In 2000, economist Steven Levitt and sociologist Sudhir Venkatesh 
published an article in the Quarterly Journal of Economics about the 
internal wage structure of a Chicago drug gang. This piece would later 
serve as a basis for a chapter in Levitt’s (and Dubner’s) best seller 
Freakonomics. [1] The title of the chapter, “Why drug dealers still live 
with their moms”, was based on the finding that the income distribution 
within gangs was extremely skewed in favor  of those at the top, while 
the rank-and-file street sellers earned even less than employees in 
legitimate low-skilled activities, let’s say at McDonald’s. They 
calculated 3.30 dollars as the hourly rate, that is, well below a living 
wage (that’s why they still live with their moms). [2]

If you take into account the risk of being shot by rival gangs, ending 
up in jail or being beaten up by your own hierarchy, you might wonder 
why anybody would work for such a low wage and at such dreadful working 
conditions instead of seeking employment at Mc Donalds. Yet, gangs have 
no real difficulty in recruiting new members. The reason for this is 
that the prospect of future wealth, rather than current income and 
working conditions, is the main driver for people to stay in the 
business: low-level drug sellers forgo current income for (uncertain) 
future wealth. Rank-and file members are ready to face this risk to try 
to make it to the top, where life is good and money is flowing. It is 
very unlikely that they will make it (their mortality rate is insanely 
high, by the way) but they’re ready to “get rich or die trying”.

With a constant supply of new low-level drug sellers entering the market 
and ready to be exploited, drug lords can become increasingly rich 
without needing to distribute their wealth towards the bottom.
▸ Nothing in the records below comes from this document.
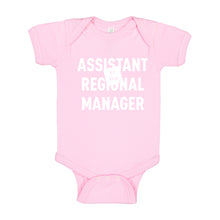 Baby Onesie Assistant to the Regional Manager 100% Cotton Infant Bodysuit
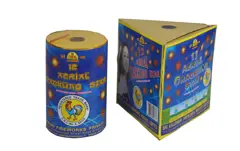 12 Star Aerial Crackling 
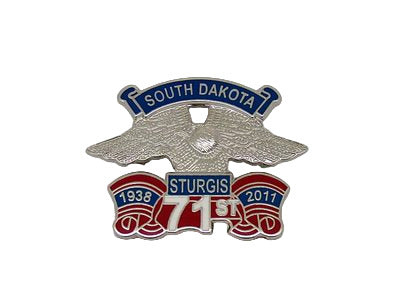 Sturgis Eagle Wing Pin - 2011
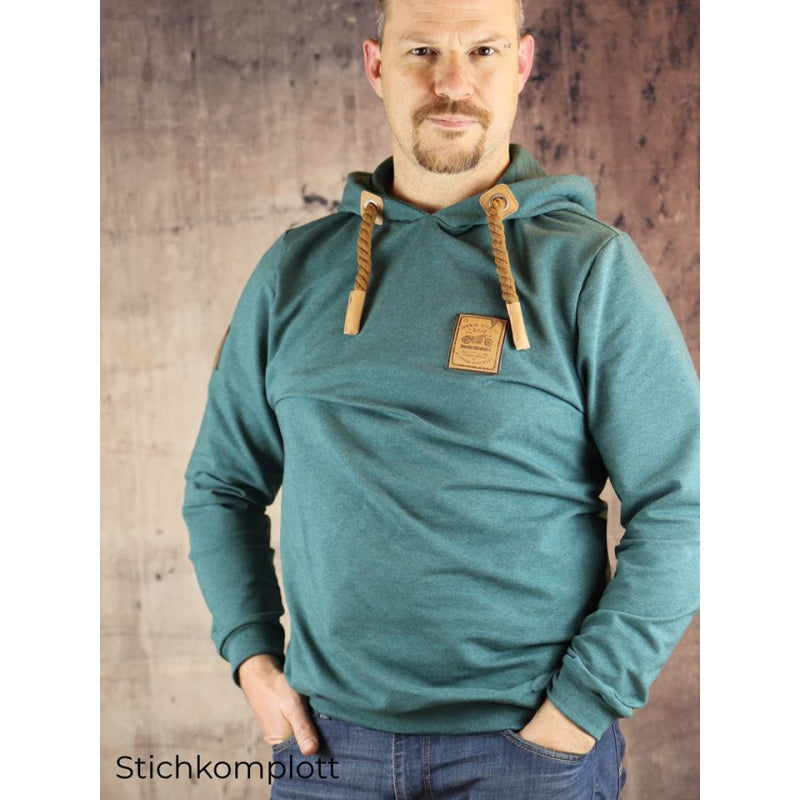 Patron papier AnniNanni ''Men Hoodie''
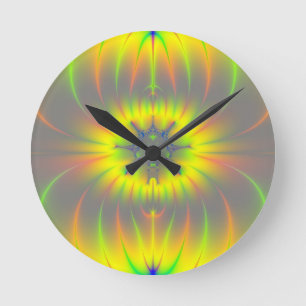 Horloge Ronde Fractale de mitose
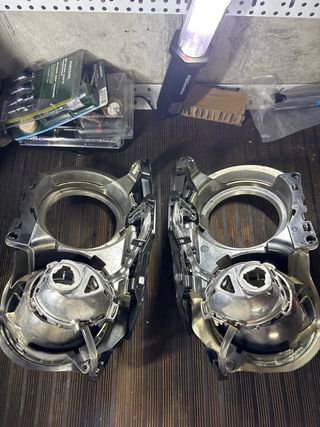 Pareja Faros Xenon BMW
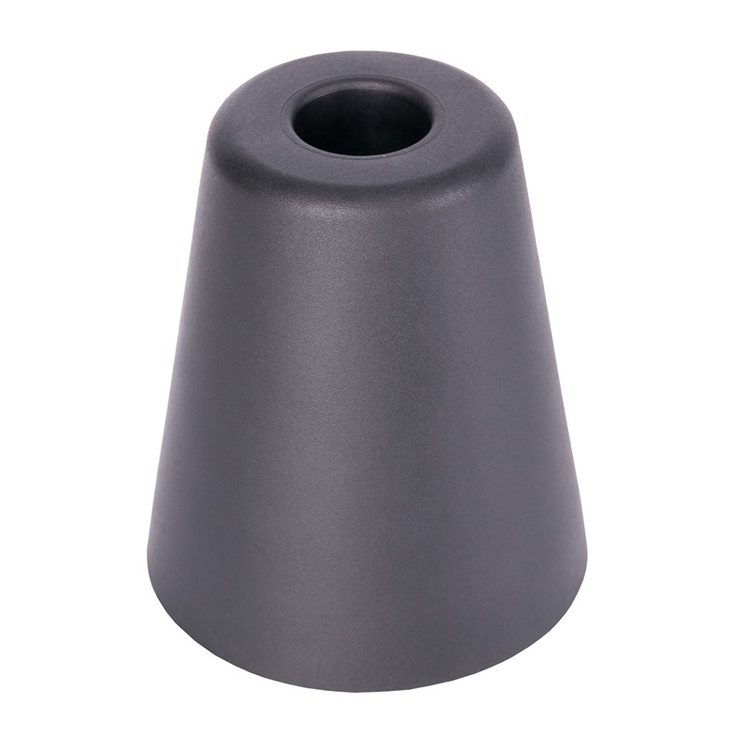 Durų atrama Barcz, 8 cm, Ø 7 cm, guma, juoda sp. - 1a.lt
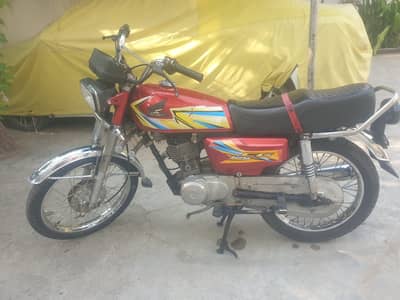 Honda CG 125 2016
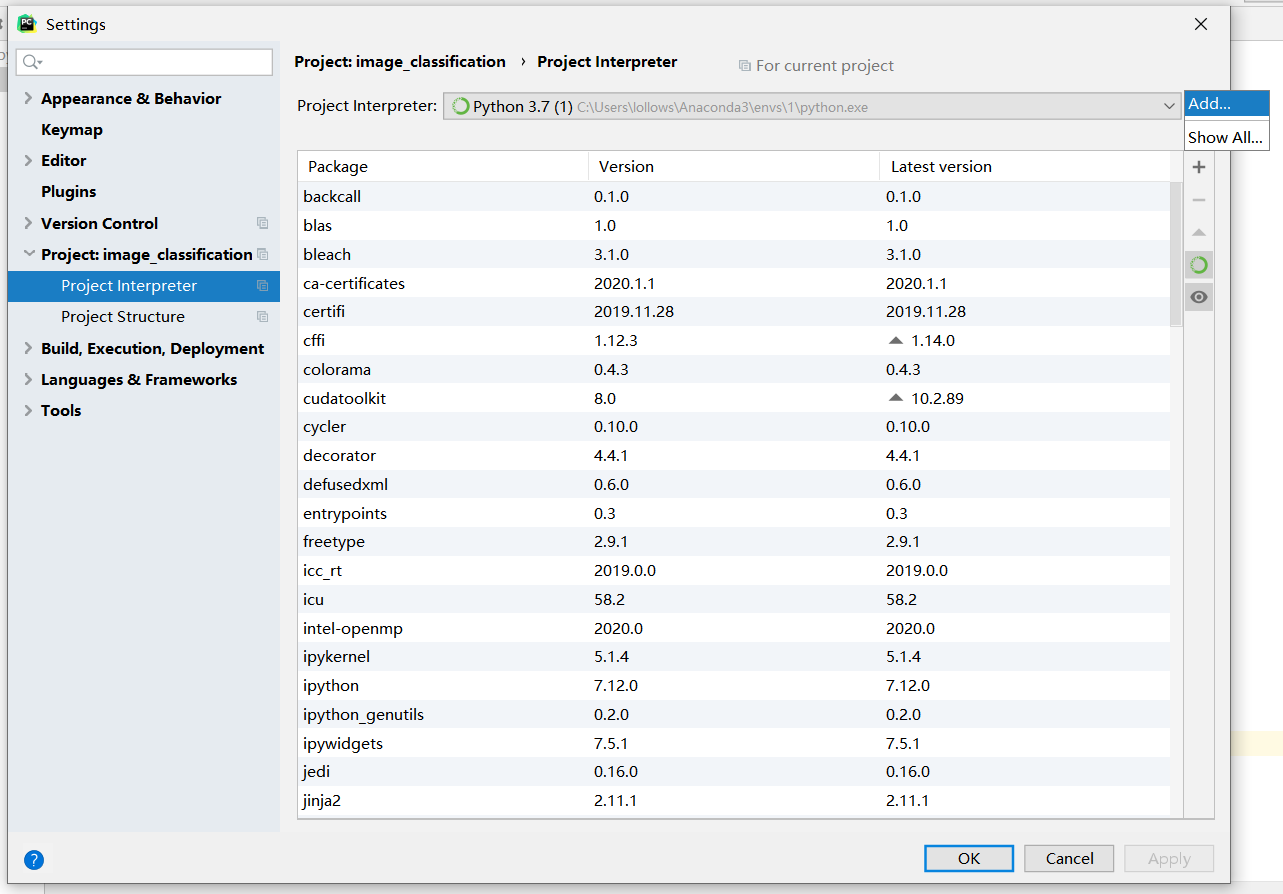 pycharm远程遇到的No files or folders found to process 程序员大本营
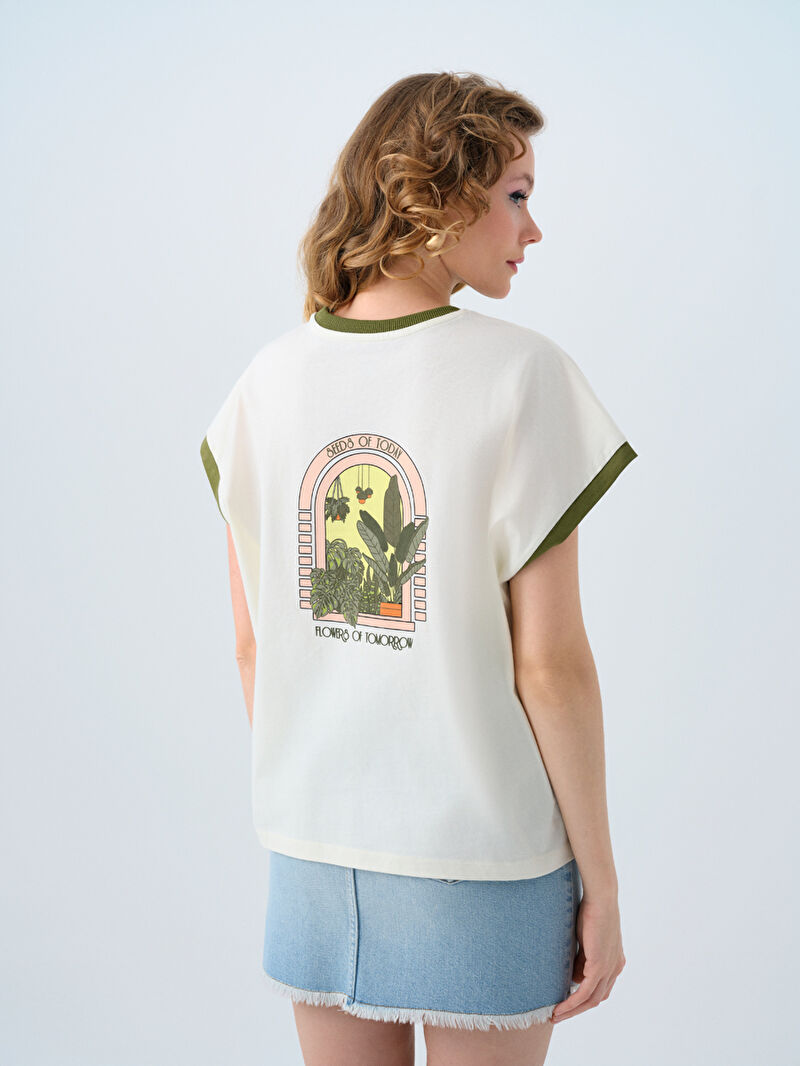 Relax Fit Kadın Tshirt K.kol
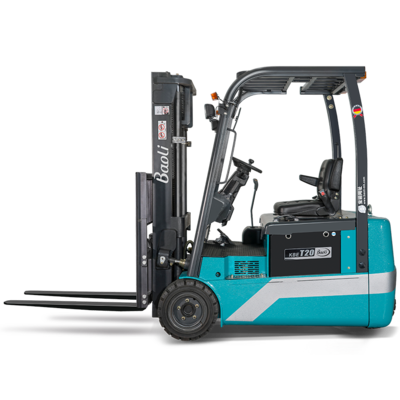 2.0吨 蓄电池平衡重式叉车 三支点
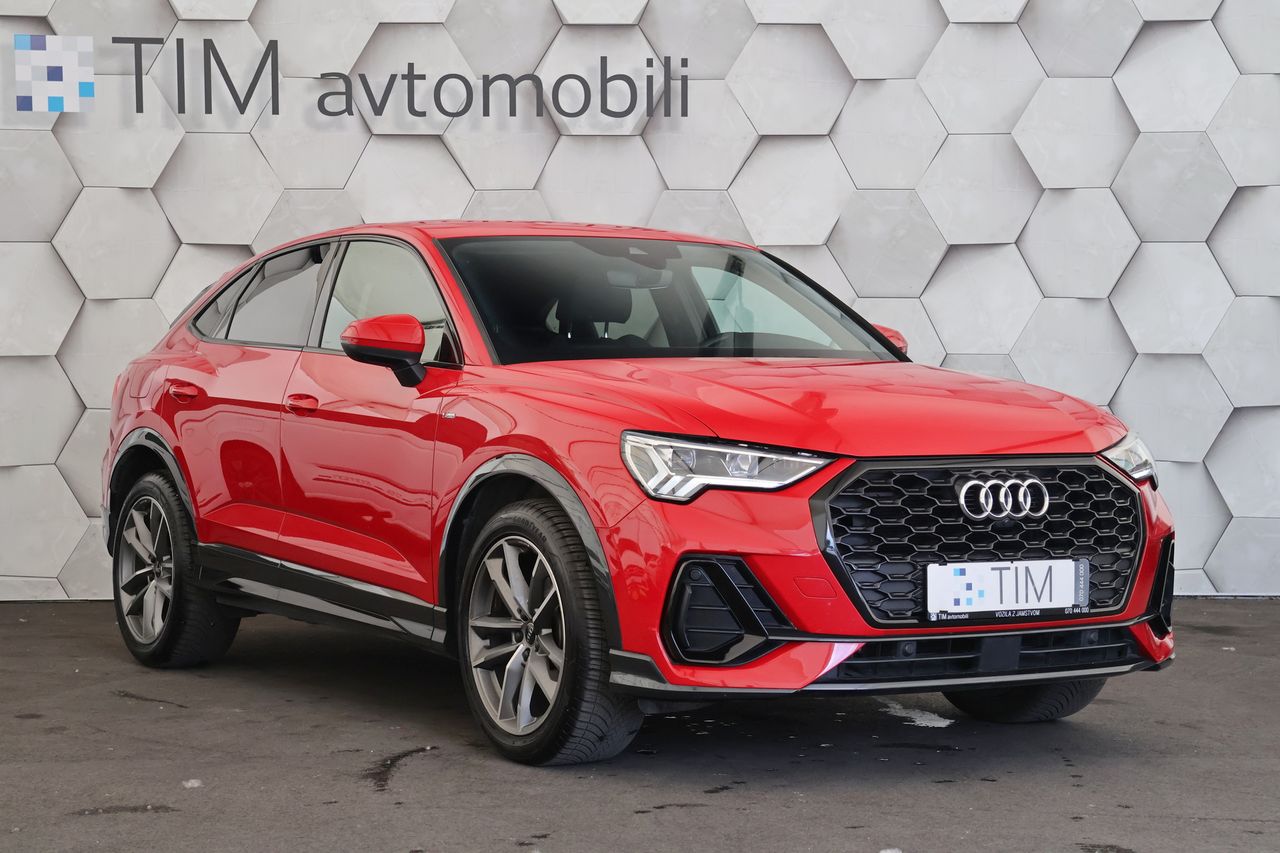 Zunanja slika - Audi Q3 - 1.5 TSI S-Tronic S-Line 150KM - 2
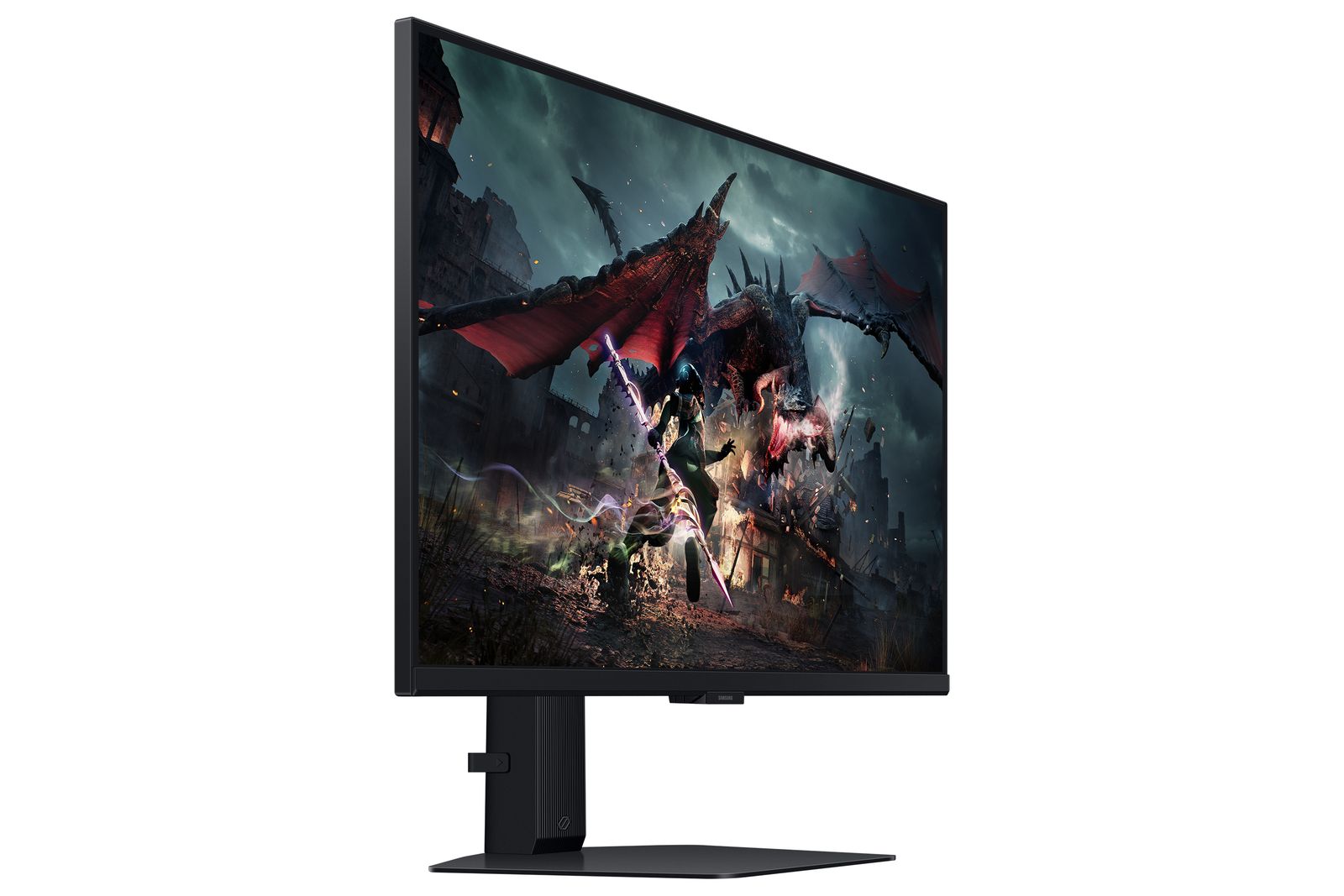 SAMSUNG S27DG50 | Monitor Gaming, QHD, 165Hz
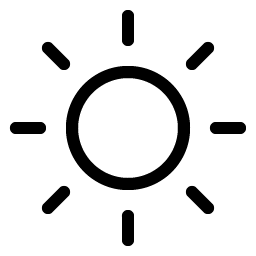 sun light icon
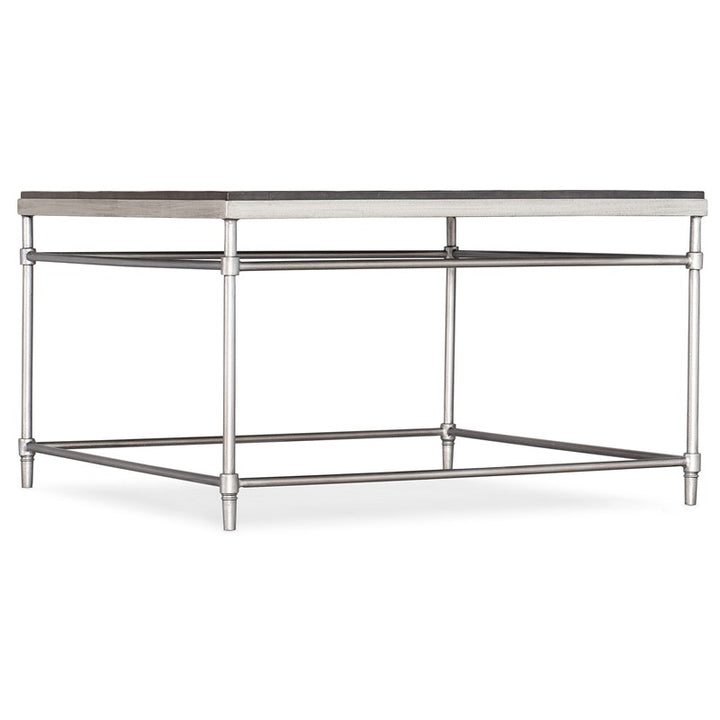 Commerce And Market - Saint Armand Square Cocktail Table - Black
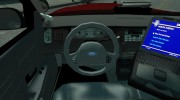 Ford Crown Victoria Police Unit для GTA 4 миниатюра 6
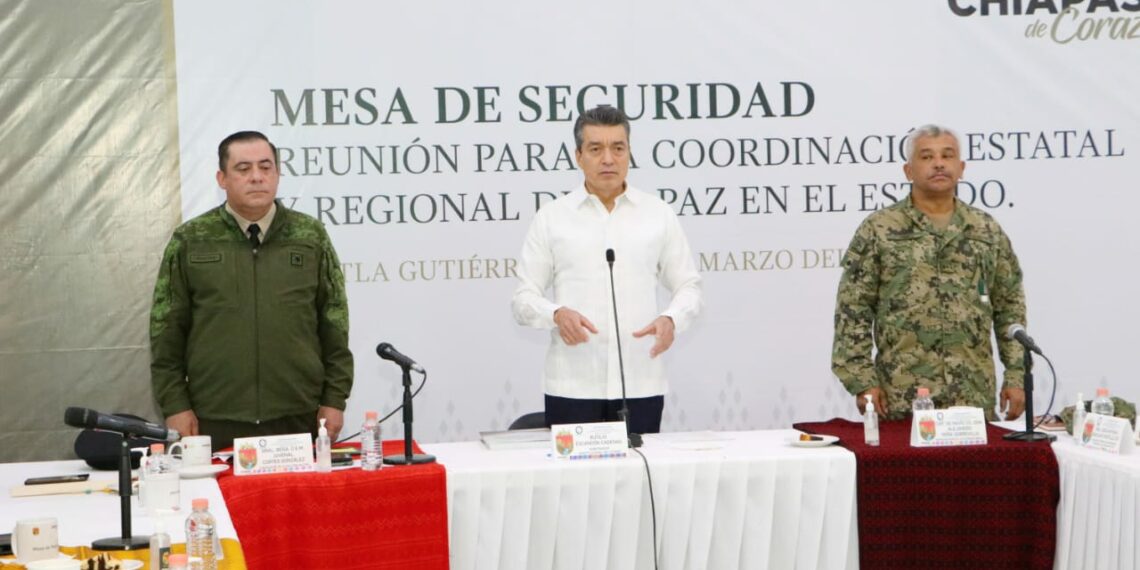 Chiapas va bien ante COVID-19, pero el riesgo de contagio es latente; pide Rutilio Escandón no bajar la guardia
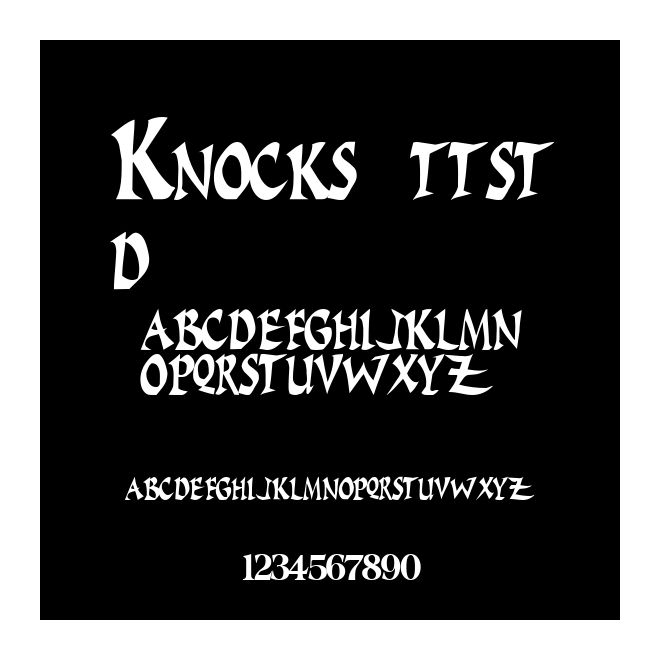 Knocks  ttstd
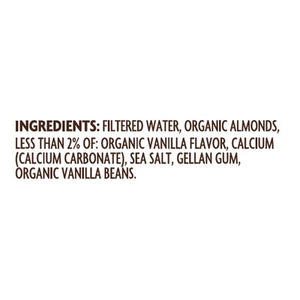Mooala Almondmilk Vanilla Bean 6/32 OZ [UNFI #2953610] [ebt]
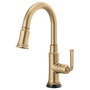 Brizo ROOK® SmartTouch® Pull-Down Prep Faucet in Luxe Gold 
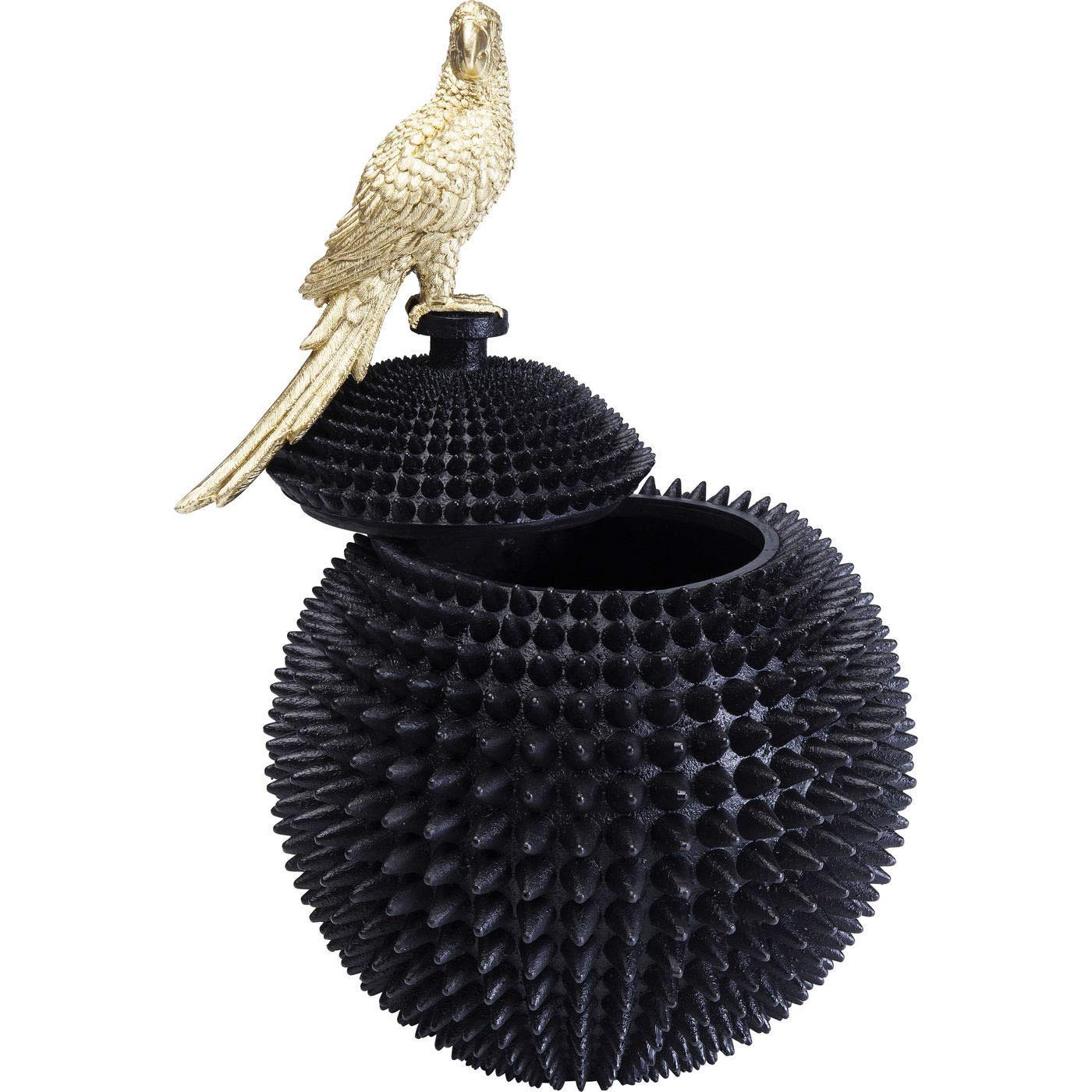 kare-design-parrot-deko-dose-xxl-schwarz-gold-40x26x26-cm image 5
You have 
an expanding mass of rank-and-file “outsiders” ready to forgo income for 
future wealth, and a small core of “insiders”  securing incomes largely 
at the expense of the mass. We can call it a winner-take-all market.

Academia as a Dual Labour Market

The academic job market is structured in many respects like a drug gang, 
with an expanding mass of outsiders and a shrinking core  of insiders. 
Even if the probability that you might get shot in academia is 
relatively small (unless you mark student papers very harshly), one can 
observe similar dynamics. Academia is only a somewhat extreme example of 
this trend, but it affects labour markets virtually everywhere. One of 
the hot topics in labour market research at the moment is what we call 
“dualisation”[3]. Dualisation is the strengthening of this divide 
between insiders in secure, stable employment and outsiders in 
fixed-term, precarious employment. Academic systems more or less 
everywhere rely at least to some extent on the existence of a supply of 
“outsiders” ready to forgo wages and employment security in exchange for 
the prospect of uncertain security, prestige, freedom and reasonably 
high salaries that tenured positions entail[4].